### Task directions
Your task is to give the listing below back word for word, pictures excluded.

---- Supplied material

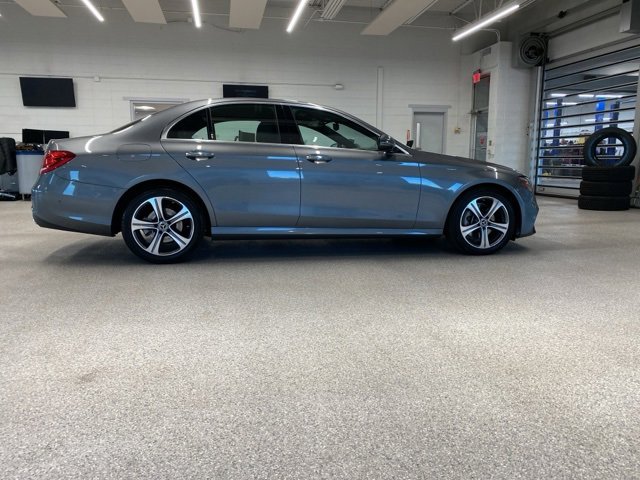 Used 2019 Mercedes-Benz E 300 4MATIC image 4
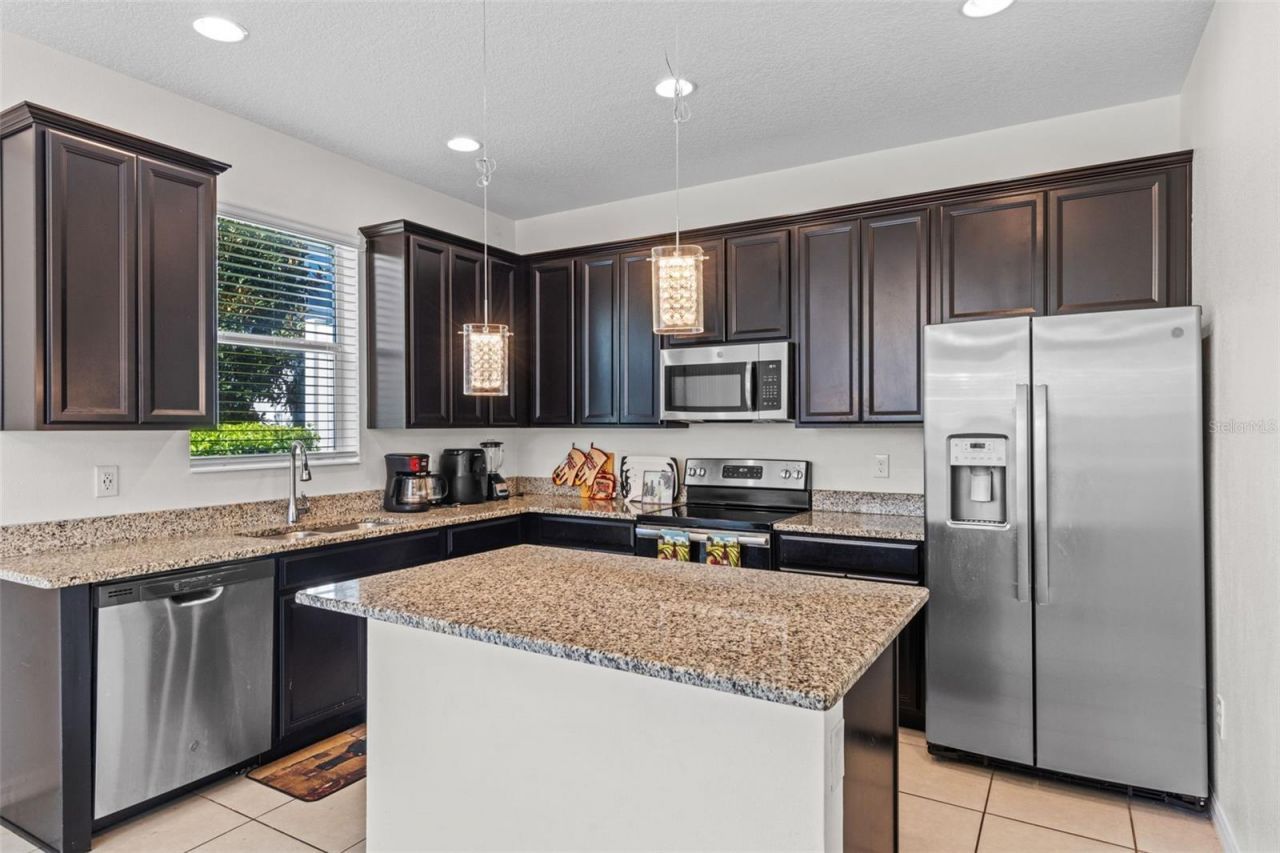 978 E 10th Street, Apopka, FL 32703 Photo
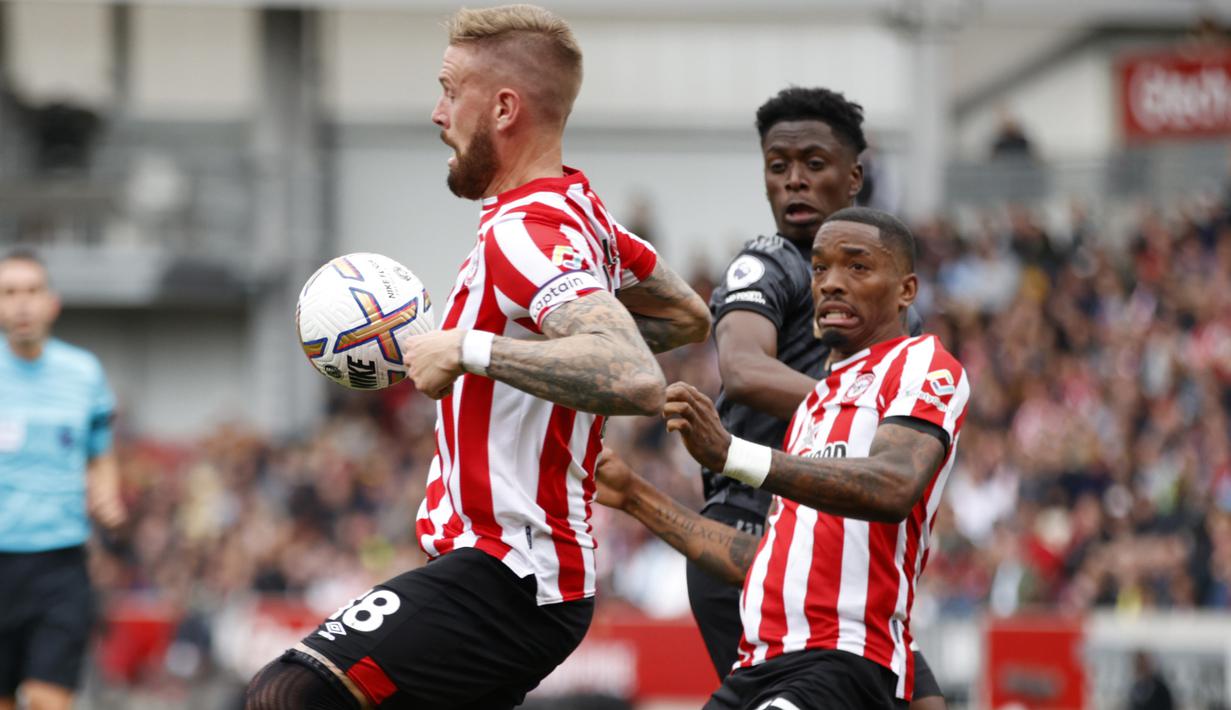 Menjelang dimulainya Piala Dunia 2022 Qatar, 32 negara yang lolos masih disibukkan dengan menyusun formasi terbaiknya untuk diberangkatkan ke ajang pesta sepak bola dunia empat tahunan tersebut. Selain memasukkan nama-nama lama yang telah menjadi langganan dalam skuad mereka, ada pula nama-nama baru yang dimunculkan dan berpeluang menjalani debut Piala Dunia di Qatar nanti, seperti 6 pemain berikut ini. (AP/David Cliff)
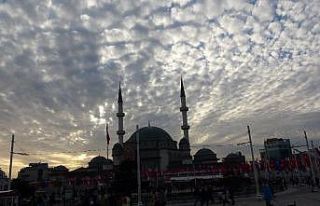 İstanbul’da bulutların oluşturduğu manzara mest...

--------

### Exercise solution
 Used 2019 Mercedes-Benz E 300 4MATIC image 4
 978 E 10th Street, Apopka, FL 32703 Photo
 Menjelang dimulainya Piala Dunia 2022 Qatar, 32 negara yang lolos masih disibukkan dengan menyusun formasi terbaiknya untuk diberangkatkan ke ajang pesta sepak bola dunia empat tahunan tersebut. Selain memasukkan nama-nama lama yang telah menjadi langganan dalam skuad mereka, ada pula nama-nama baru yang dimunculkan dan berpeluang menjalani debut Piala Dunia di Qatar nanti, seperti 6 pemain berikut ini. (AP/David Cliff)
 İstanbul’da bulutların oluşturduğu manzara mest...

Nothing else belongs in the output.